2. Zu Artikel 1 Nummer 25 Buchstabe e (§ 184c Absatz 4 StGB)
Der Bundesrat bittet, im weiteren Gesetzgebungsverfahren zu prüfen, inwieweit die Regelung in § 184c Absatz 4 StGB einer klarstellenden Neufassung bedarf.
Begründung:
Der Gesetzentwurf sieht hinsichtlich der Privilegierungsvorschrift des § 184c Absatz 4 StGB lediglich eine Anpassung an den neuen Inhaltsbegriff vor.
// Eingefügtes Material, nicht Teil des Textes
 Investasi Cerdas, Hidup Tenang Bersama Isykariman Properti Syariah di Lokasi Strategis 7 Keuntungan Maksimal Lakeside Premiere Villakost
Im Übrigen sollen die Änderungen - nach der Begründung des Gesetzentwurfs - "nichts an den teleologischen Reduktionen ändern, die zum geltenden Recht angenommen werden". Erwähnt wird hierbei unter Verweis auf Literaturstimmen die Straffreiheit beim sogenannten Sexting, bei dem eine jugendliche Person selbst einen jugendpornographischen Inhalt einer anderen Person zugänglich macht, der sie selbst betrifft; ferner die Straffreiheit des Besitzes jugendpornographischer Darstellungen oder der Abruf solcher Inhalte für die Personen, die sie selbst zeigen oder die anderen Personen von den vorgenannten mit deren Einverständnis erhalten oder abgerufen haben.
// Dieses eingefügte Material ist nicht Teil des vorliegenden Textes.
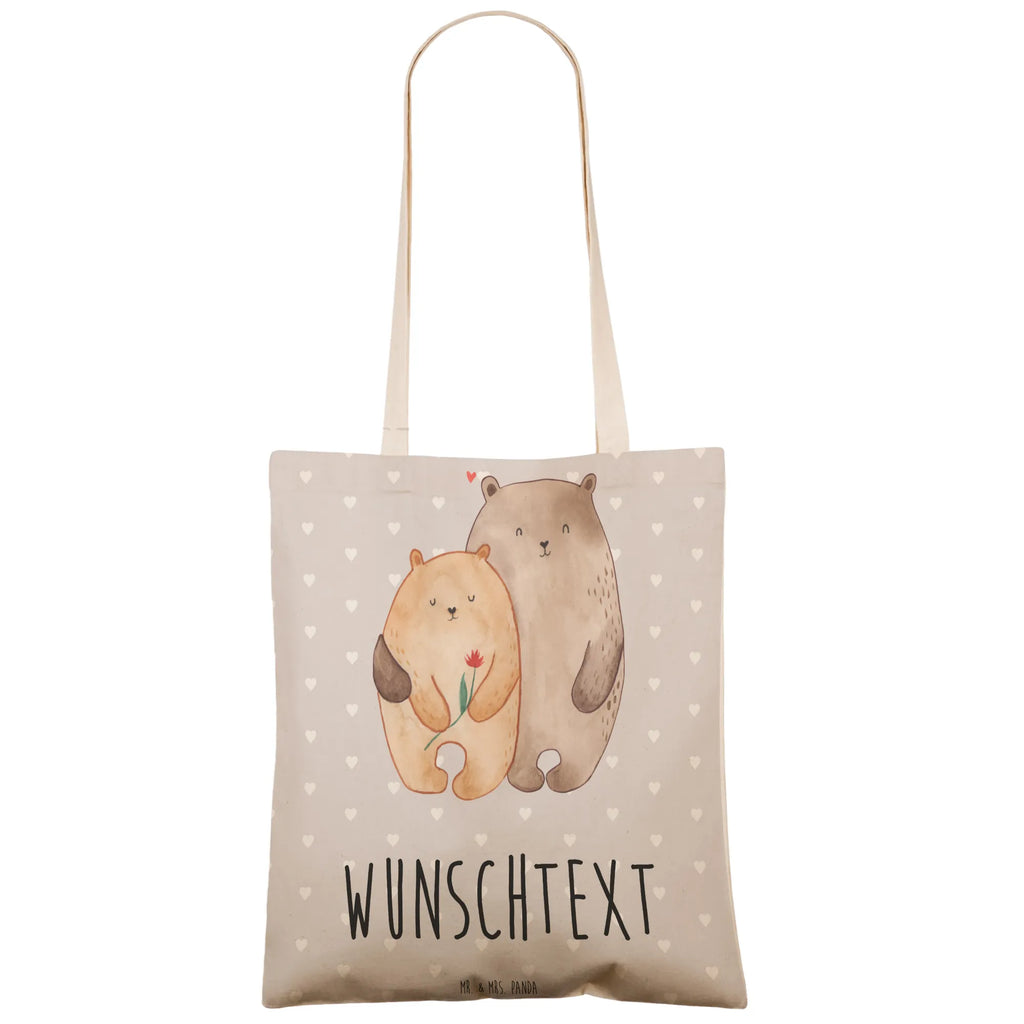 Personalized Shopping Bag Bears in love Love, Loving, Two, Together, Marriage, Engagement, Proposal of marriage, Love gift, gift for her, gift for him, anniversary gift, Anniversary, Wedding anniversary, Boyfriend, Bears, Proof of love, Gift Friend, In love, Married, Partner, Engaged, Gift Wedding, Bear, Girlfriend, Gift Girlfriend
Es sollte aber primär Aufgabe des Gesetzgebers sein, die Reichweite der Strafbarkeit möglichst genau und in dem Normtext selbst zu bestimmen. Dies gilt umso mehr, als sich die Rechtsprechung zu entsprechenden Auslegungsfragen bislang nicht verhalten hat (vergleiche BGH, Beschluss vom 5. September 2019 - 4 StR 377/19, Randnummer 4) und durchaus unterschiedliche Vorstellungen über die erforderliche Reichweite von tatbestandlichen Beschränkungen über den Gesetzeswortlaut hinaus bestehen dürften.
B
3. Der Ausschuss für Frauen und Jugend und der Ausschuss für Innere Angelegenheiten empfehlen dem Bundesrat, gegen den Gesetzentwurf gemäß Artikel 76 Absatz 2 des Grundgesetzes keine Einwendungen zu erheben.